# Buying Fish & Critters Online ?



## Tim Harrison (24 Mar 2020)

I'm fast approaching the stage where I would normally be considering buying fish and shrimp for my scape.
Buying online is an option I've dismissed in the past but with everyone confined to barracks I may have to reevaluate.
That is if anyone can recommend a reputable online store selling decent livestock?


----------



## David Cherry (24 Mar 2020)

I've used Aquaticstoyourdoor for Marines before, fish were good quality well packaged and you can arrange the delivery date.
I wonder though if deliveries of non-essential items will be allowed at the present time.


----------



## Tim Harrison (24 Mar 2020)

David Cherry said:


> I wonder though if deliveries of non-essential items will be allowed at the present time.


It's okay at the moment, I took an Amazon delivery this morning. And the business my wife works for is concentrating on online sales and delivery atm.
But the situation is fluid and who knows what the future holds...


----------



## Siege (24 Mar 2020)

Won’t be long I think.....!

I now kinda know how people in sunnier climbs get a warning that a tornado storm is coming. It’s really weird and not in a nice way!


----------



## Jayefc1 (24 Mar 2020)

Sweet Knowles aquatic mate there shop is amazing never brought online from them but have got most of my live stock from them


----------



## Simon Cole (24 Mar 2020)

Kesgrave Tropicals. Packaging is superb and fish are kept warm with heat packs. Usually small/juvenile fish with plenty of room for growth, and excellent health. Excellent communication. More affordable than visiting LFS, due to petrol costs. It helps especially when you are looking for something like the Siamese algae eater Crossocheilus oblongus, which local dealers will often confuse with the flying fox Epalzeorhynchos kalopterus. These guys know exactly what they are doing. 

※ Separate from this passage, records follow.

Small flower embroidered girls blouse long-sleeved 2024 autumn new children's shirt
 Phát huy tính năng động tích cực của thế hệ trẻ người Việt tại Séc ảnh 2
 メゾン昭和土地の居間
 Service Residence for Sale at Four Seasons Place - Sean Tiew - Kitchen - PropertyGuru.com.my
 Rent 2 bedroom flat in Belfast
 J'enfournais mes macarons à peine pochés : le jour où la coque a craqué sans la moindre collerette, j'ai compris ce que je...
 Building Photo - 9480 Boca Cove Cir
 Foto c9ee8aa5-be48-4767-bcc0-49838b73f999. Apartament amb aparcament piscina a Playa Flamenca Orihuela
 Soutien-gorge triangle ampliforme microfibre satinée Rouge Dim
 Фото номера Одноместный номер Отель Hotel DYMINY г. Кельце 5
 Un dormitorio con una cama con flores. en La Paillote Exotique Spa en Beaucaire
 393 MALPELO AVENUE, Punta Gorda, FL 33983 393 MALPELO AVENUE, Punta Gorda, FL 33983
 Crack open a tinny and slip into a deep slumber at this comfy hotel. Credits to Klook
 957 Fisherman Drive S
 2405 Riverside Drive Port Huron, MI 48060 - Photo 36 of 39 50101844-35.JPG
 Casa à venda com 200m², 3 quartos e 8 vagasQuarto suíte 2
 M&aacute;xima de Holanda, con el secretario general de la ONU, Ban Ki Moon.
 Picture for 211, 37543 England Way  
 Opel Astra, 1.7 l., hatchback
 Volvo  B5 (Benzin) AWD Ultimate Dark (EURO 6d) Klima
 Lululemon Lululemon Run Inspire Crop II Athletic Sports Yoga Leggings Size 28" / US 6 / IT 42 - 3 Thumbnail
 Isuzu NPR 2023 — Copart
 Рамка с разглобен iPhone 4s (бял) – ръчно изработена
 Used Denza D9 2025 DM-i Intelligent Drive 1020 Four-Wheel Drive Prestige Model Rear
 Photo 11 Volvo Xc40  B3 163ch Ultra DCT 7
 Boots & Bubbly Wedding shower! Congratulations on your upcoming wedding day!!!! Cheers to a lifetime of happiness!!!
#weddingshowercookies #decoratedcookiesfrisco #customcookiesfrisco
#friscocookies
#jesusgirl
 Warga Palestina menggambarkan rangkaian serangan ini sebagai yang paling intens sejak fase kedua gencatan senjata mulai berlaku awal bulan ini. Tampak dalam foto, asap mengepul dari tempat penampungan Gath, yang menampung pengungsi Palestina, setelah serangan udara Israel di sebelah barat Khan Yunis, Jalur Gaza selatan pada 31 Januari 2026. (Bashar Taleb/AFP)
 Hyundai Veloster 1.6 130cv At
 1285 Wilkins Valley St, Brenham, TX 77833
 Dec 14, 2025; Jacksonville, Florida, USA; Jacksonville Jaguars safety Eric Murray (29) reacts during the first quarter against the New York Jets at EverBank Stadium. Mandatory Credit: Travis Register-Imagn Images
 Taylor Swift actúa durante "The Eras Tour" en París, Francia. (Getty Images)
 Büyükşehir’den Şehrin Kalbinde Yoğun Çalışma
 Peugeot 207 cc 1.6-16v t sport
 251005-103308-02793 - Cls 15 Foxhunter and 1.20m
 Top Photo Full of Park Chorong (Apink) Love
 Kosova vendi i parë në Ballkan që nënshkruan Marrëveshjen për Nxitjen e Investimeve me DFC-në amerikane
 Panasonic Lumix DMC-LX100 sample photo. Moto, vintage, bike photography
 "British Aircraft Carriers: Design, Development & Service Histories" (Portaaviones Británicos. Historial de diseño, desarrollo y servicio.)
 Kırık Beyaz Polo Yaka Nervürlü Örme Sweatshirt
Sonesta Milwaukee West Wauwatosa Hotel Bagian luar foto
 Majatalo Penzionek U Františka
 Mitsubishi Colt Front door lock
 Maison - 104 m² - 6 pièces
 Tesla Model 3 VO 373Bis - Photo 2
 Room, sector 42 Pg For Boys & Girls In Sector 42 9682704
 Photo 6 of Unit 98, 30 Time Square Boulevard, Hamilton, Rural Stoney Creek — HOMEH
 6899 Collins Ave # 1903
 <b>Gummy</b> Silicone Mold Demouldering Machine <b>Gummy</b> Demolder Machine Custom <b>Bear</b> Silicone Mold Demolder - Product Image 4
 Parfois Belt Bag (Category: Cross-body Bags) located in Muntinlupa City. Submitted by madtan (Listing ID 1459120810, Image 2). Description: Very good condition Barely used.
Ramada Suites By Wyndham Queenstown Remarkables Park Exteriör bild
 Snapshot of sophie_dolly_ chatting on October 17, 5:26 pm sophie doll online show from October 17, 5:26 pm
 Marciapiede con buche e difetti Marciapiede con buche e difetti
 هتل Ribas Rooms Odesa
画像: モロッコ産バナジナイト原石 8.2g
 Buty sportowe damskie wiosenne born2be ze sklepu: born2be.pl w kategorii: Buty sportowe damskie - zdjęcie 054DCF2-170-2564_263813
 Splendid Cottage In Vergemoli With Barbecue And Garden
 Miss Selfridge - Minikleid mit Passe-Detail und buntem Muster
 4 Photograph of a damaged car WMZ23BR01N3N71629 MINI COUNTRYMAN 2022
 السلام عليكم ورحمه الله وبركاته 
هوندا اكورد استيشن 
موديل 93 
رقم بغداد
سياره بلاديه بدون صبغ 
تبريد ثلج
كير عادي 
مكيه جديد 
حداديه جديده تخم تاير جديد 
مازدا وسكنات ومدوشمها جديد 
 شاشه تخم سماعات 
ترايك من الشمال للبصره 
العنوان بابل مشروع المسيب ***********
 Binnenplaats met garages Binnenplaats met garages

I will probably never visit a LFS again. I don't mind visiting actual aquascaping shops for plants and hardscape though.


----------



## Tucker90 (24 Mar 2020)

Simon Cole said:


> Kesgrave Tropicals. Packaging is superb and fish are kept warm with heat packs. Usually small/juvenile fish with plenty of room for growth, and excellent health. Excellent communication. More affordable than visiting LFS, due to petrol costs. It helps especially when you are looking for something like the Siamese algae eater Crossocheilus oblongus, which local dealers will often confuse with the flying fox Epalzeorhynchos kalopterus. These guys know exactly what they are doing.
> 
> I will probably never visit a LFS again. I don't mind visiting actual aquascaping shops for plants and hardscape though.



I can vouch for kesgrove! I’ve used them before! Very very good service! Obviously postage is expensive but £15 for as many fish as you need ain’t that bad! 


Edit:
It’s now £20, that has changed today as I was ordering some embers on eBay! 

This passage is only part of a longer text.